South Korea Proposes Bank-Level Liability Rules for Crypto Exchanges After Upbit Hack
South Korea’s Financial Services Commission (FSC) and Financial Supervisory Service (FSS) are drafting rules to impose bank-level standards on virtual asset service providers following a major breach at Upbit on November 27, 2025. The incident saw about 104 billion tokens moved on Solana (SOL) in roughly 54 minutes, valued at about 44.5 billion won (~$30–36 million). Upbit pledged to cover customer losses voluntarily, but current laws do not mandate automatic reimbursement. The draft measures would require stronger IT security and custody standards, regular audits, clearer recovery plans and compulsory compensation for customers affected by hacks or system failures. Regulators also propose tougher penalties: replacing a fixed maximum fine (previously 5 billion won) with fines up to 3% of an exchange’s annual revenue for serious breaches. Reports show five major Korean exchanges faced 20 system failures from 2023 to Sept 2025, affecting over 900 users and causing roughly 5 billion won in losses—facts regulators cite to justify the reforms. The proposed rules remain under internal review at the FSC and must pass formal legislative processes. For traders, mandatory compensation and higher security mandates could raise operational costs for exchanges, prompt increased insurance and security spending, and alter fee structures.

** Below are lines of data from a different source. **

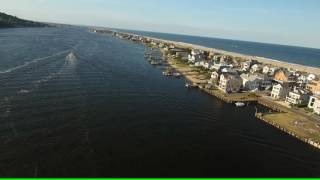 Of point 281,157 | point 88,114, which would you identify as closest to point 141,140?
point 88,114

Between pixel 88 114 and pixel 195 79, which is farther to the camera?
pixel 195 79

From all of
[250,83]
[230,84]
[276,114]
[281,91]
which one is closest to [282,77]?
[250,83]

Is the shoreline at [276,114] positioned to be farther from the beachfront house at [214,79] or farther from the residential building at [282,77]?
the residential building at [282,77]

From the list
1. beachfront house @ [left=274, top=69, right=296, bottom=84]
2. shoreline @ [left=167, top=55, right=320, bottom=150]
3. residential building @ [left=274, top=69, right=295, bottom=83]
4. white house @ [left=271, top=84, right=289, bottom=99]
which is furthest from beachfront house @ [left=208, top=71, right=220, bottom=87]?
residential building @ [left=274, top=69, right=295, bottom=83]

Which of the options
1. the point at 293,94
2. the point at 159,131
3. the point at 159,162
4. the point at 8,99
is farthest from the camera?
the point at 293,94

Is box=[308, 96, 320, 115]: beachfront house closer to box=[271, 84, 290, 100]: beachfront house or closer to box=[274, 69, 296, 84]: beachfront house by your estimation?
box=[271, 84, 290, 100]: beachfront house

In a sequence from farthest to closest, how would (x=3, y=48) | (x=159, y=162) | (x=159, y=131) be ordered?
1. (x=3, y=48)
2. (x=159, y=131)
3. (x=159, y=162)

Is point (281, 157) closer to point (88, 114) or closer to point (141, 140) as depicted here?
point (141, 140) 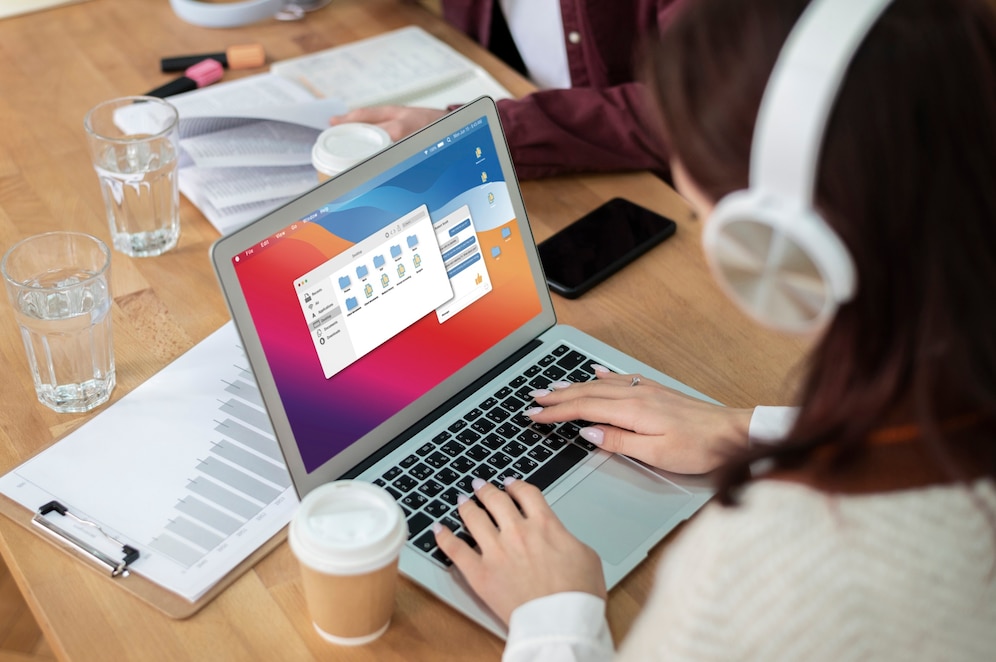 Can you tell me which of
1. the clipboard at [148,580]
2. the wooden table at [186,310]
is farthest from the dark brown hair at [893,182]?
the clipboard at [148,580]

The shift narrows the regulatory gap between crypto platforms and banks, aiming to boost consumer confidence, though implementation and legal changes may take time.
Neutral
The news is neutral overall but carries mixed market implications. In the short term, the Upbit hack and stricter regulation can increase volatility and dampen risk appetite—traders may sell on uncertainty or shift assets to perceived safer venues, a typically bearish immediate reaction. However, mandatory compensation, stronger custody rules and higher fines aim to raise consumer protection and market integrity; that can increase institutional confidence and long-term market credibility, which is bullish over time. Exchanges facing higher costs might pass fees to users or consolidate, influencing liquidity and spreads. Historical parallels: past exchange hacks (e.g., Mt. Gox, Bitfinex) caused sharp short-term price drops and exchange-specific outflows, but stronger regulation afterward (e.g., in Japan post-2014) gradually improved market trust. Expect increased short-term volatility and potential outflows from smaller venues, while longer-term effects lean positive if rules successfully raise security and compensation certainty.